The Patriarchal Province of Seleucia-Ctesiphon was an ecclesiastical province of the patriarch of the Church of the East. Its metropolitan see was in Seleucia-Ctesiphon, near Al-Mada’in in modern Iraq. It existed from the fifth to the thirteenth centuries. The province consisted of a number of dioceses in the region of Asoristan between Basra and Kirkuk which were placed under the patriarch's direct supervision at the synod of Yahballaha I in 420.

== Background ==
According to Eliya of Damascus, there were thirteen dioceses in the province of the patriarch in 893:

- Kashkar, al-Tirhan (Tirhan)
- Dair Hazql (an alternative name for al-Nuʿmaniya, the chief town in the diocese of Zabe)
- Al-Hira (Hirta)
- Al-Anbar (Piroz Shabur)
- Al-Sin (Shenna d'Beth Ramman)
- ʿUkbara
- A-Radhan
- Nifr
- Al-Qasra
- 'Ba Daraya
- Ba Kusaya' (Beth Daraye)
- ʿAbdasi (Nahargur)
- Al-Buwazikh (Konishabur or Beth Waziq)

Eight of these dioceses already existed in the Sasanian period, but the diocese of Beth Waziq is first mentioned in the second half of the seventh century, and the dioceses of ʿUkbara, Radhan, Nifr and Qasr were probably founded in the ninth century.
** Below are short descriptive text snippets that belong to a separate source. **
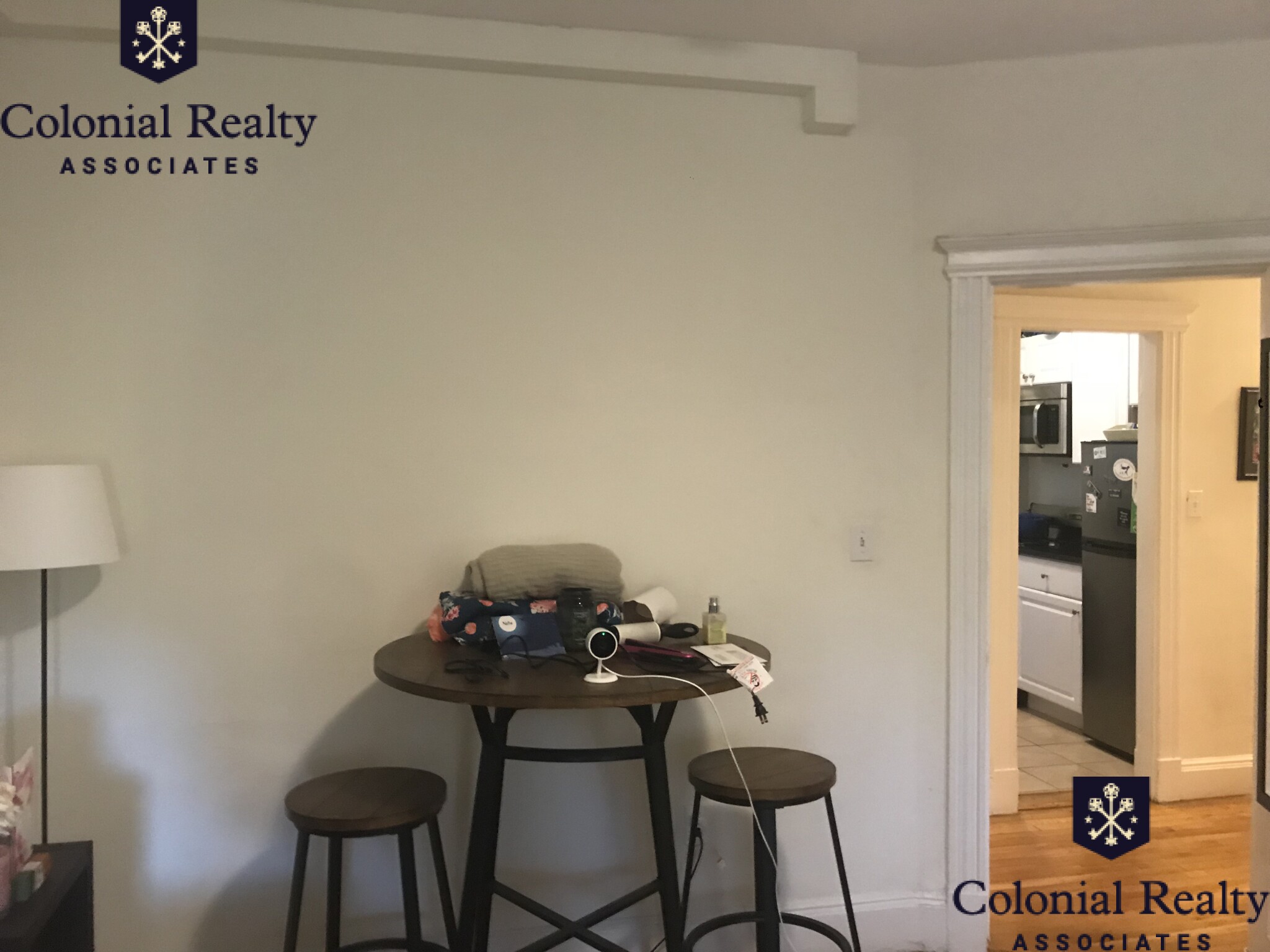 1 bed, 1 bath apartment for rent at 84 Brainerd Rd Unit 17, Allston — photo 14 of 17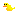 Flaggi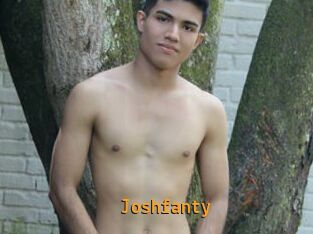Joshfanty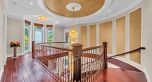2769 W 49th Avenue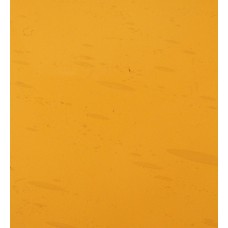 104-1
The diocese of Nahargur was in the province of Maishan during the Sassanian period, and it is not known when or why it was transferred to the diocese of the patriarch. The first bishop of ʿUkbara whose name has been recorded, Hakima, was consecrated by the patriarch Sargis around 870, and bishops of Qasr, Radhan and Nifr are first mentioned in the tenth century. A bishop of 'Qasr and Nahrawan' became patriarch in 963, and then consecrated bishops for Radhan and for 'Nifr and Nil'. Eliya's list helps to confirm the impression given by the literary sources, that the East Syrian communities in Beth Aramaye were at their most prosperous in the tenth century.

A partial list of bishops present at the consecration of the patriarch Yohannan IV in 900 included several bishops from the province of the patriarch, including the bishops of Zabe and Beth Daraye and also the bishops Ishoʿzkha of 'the Gubeans', Hnanishoʿ of Delasar, Quriaqos of Meskene and Yohannan 'of the Jews'. The last four dioceses are not mentioned elsewhere and cannot be satisfactorily localised.

In the eleventh century decline began to set in. The diocese of Hirta (al-Hira) came to an end, and four other dioceses were combined into two: Nifr and al-Nil with Zabe (al-Zawabi and al-Nuʿmaniya), and Beth Waziq (al-Buwazikh) with Shenna d'Beth Ramman (al-Sin).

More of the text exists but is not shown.